**Exercise**: For each line below that includes the string "Photo", show the whole line.

(Short text fragments from websites)

★ ★ ★ ★

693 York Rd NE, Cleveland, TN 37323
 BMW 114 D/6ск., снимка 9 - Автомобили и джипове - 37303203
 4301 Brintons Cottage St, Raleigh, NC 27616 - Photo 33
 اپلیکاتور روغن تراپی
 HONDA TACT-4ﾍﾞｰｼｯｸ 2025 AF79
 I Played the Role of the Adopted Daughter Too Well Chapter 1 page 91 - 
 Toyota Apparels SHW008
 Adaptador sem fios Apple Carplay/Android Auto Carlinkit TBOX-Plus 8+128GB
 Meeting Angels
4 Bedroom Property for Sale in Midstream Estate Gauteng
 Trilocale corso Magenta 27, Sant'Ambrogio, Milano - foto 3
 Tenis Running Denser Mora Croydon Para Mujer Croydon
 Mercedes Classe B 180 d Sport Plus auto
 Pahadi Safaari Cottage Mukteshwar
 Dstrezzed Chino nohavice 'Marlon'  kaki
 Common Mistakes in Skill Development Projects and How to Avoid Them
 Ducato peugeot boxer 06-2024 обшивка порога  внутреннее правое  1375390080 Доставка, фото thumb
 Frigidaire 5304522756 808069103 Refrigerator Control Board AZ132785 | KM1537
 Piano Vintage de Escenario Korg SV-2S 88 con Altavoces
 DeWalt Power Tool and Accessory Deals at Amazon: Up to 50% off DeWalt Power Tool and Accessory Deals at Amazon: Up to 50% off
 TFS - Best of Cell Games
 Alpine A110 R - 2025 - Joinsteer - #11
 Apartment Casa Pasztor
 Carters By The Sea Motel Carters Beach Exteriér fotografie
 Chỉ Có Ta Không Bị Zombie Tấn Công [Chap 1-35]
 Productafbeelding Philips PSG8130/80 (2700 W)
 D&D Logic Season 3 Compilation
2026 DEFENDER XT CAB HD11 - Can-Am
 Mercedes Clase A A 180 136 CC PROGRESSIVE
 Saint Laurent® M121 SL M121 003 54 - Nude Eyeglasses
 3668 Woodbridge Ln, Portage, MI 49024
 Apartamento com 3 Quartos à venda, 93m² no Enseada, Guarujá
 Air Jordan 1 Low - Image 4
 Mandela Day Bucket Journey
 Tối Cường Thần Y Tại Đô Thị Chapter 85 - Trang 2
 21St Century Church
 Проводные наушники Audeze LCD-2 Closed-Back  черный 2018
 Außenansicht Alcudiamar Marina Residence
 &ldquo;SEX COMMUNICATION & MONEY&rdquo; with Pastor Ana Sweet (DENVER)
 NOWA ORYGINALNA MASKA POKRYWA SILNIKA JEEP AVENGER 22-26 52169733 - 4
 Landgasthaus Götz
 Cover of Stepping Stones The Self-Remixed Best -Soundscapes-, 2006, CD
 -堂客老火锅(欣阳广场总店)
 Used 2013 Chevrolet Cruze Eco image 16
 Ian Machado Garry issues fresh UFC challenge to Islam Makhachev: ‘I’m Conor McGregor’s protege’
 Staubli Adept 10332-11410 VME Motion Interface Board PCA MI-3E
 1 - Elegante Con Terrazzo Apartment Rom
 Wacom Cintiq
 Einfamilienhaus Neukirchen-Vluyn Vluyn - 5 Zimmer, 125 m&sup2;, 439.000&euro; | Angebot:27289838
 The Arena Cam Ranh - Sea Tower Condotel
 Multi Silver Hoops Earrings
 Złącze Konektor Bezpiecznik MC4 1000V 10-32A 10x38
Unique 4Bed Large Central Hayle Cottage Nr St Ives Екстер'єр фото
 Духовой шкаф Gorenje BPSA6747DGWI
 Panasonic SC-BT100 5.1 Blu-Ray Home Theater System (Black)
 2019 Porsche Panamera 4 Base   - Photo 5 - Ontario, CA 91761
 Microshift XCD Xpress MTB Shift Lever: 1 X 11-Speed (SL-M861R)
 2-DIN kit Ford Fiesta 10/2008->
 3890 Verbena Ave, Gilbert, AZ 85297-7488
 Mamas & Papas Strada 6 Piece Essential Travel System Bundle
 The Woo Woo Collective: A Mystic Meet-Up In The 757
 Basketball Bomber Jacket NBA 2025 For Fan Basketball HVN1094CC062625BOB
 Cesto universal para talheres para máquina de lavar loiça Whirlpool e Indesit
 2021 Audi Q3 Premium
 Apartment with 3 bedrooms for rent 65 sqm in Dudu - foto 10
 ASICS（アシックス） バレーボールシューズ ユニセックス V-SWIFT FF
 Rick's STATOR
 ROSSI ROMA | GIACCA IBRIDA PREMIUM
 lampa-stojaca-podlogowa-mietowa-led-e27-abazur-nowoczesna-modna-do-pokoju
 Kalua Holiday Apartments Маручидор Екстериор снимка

★ ★ ★ ★

**Result for this task**:
 4301 Brintons Cottage St, Raleigh, NC 27616 - Photo 33
 2019 Porsche Panamera 4 Base   - Photo 5 - Ontario, CA 91761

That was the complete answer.